Even if they were aware of the unlicensed individual in your household and chose not to adjust the rate or impose an additional charge, they may still pay the damages and injuries caused by the unlicensed driver in an accident involving the insured auto, especially if the policy does not specifically prohibit coverage for such an individual. Nonetheless, they could opt to reassess the individual’s rate during the next renewal or potentially decline to offer renewal terms altogether based on the occurrence.

On the other hand, failing to disclose presence of an unlicensed person of driving age in your household could lead the insurance company to reject the claim, citing your omission of significant information. In many states, auto insurers not only have the right to reject claims based on substantial misrepresentation but can also terminate the policy as a result.

Should an individual without a valid driver’s license operate the vehicle despite being explicitly excluded in the policy, the automobile insurance company will decline coverage for any resulting claims. When a person’s name is specifically excluded in the policy, it signifies that they should not have been driving the vehicle, consequently resulting in a lack of coverage.

If another individual, who does not reside with you, were to drive your car without a valid driver’s license, the potential consequences extend beyond just denied insurance claims. You could find yourself in legal trouble as well. Vehicle owners bear responsibility for the actions of those operating their vehicles. Permitting an unlicensed individual to drive your car could lead to your involvement in a criminal situation. Allowing someone without proper qualifications to control a motor vehicle is seen as assisting in the commission of a crime. This act of knowingly facilitating a violation of the law could result in charges being brought against you in a court of law.

For example, car owners can be charged for letting someone with no, suspended or revoked driver license drive their vehicles in New York. The penalty can be a fine between $500 and $5,000 and up to six months jail sentence. Other states have similar laws. In Pennsylvania, the facilitating vehicle owner would get the same penalty as the person driving with a suspended or revoked license and it can mean suspension of driver’s license up to 5 years.

However, if they told you lies to get their way or you had no reason to suspect, you may escape the charges. Then, it would be up to the auto insurer to consider paying for damages or not. When something is clearly illegal in your state, you are required to make sure you don’t commit a crime. In this case, if it is a crime to let an unlicensed driver operate your vehicle in your state, your vehicle insurer can turn around and say that you should have checked.

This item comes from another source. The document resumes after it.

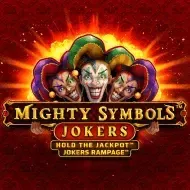 Mighty Symbols JokersVoltent icon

The key point here is that auto insurance companies wouldn’t insure an unlicensed driver to drive a car. If they are ever included in a policy because they are the owner of the vehicle, they would clearly be excluded from driving. So, it is understandable that they would expect the same sensitivity from their policyholders too.

Finally, if someone stole your automobile and crashed it, it is irrelevant that such person was unlicensed because your vehicle was taken without your consent and your insurer has to pay for theft or damages relating to a theft as long as you have coverage for it. In this case, you would need Comprehensive coverage to be able to claim for a stolen auto.

In the eyes of the law, automobile owners are responsible for their actions and they can be sued for letting someone unlicensed to drive their cars. And if they were negligent to a point that they knowingly hand over their car keys to an unlicensed driver, their insurer may refuse to pay any related claim.

It is important to note that the outcome of a claim depends on the circumstances, insurer and state rules. Therefore, it is best to check with your agent, insurer or even lawyer to get the right advice for your circumstances.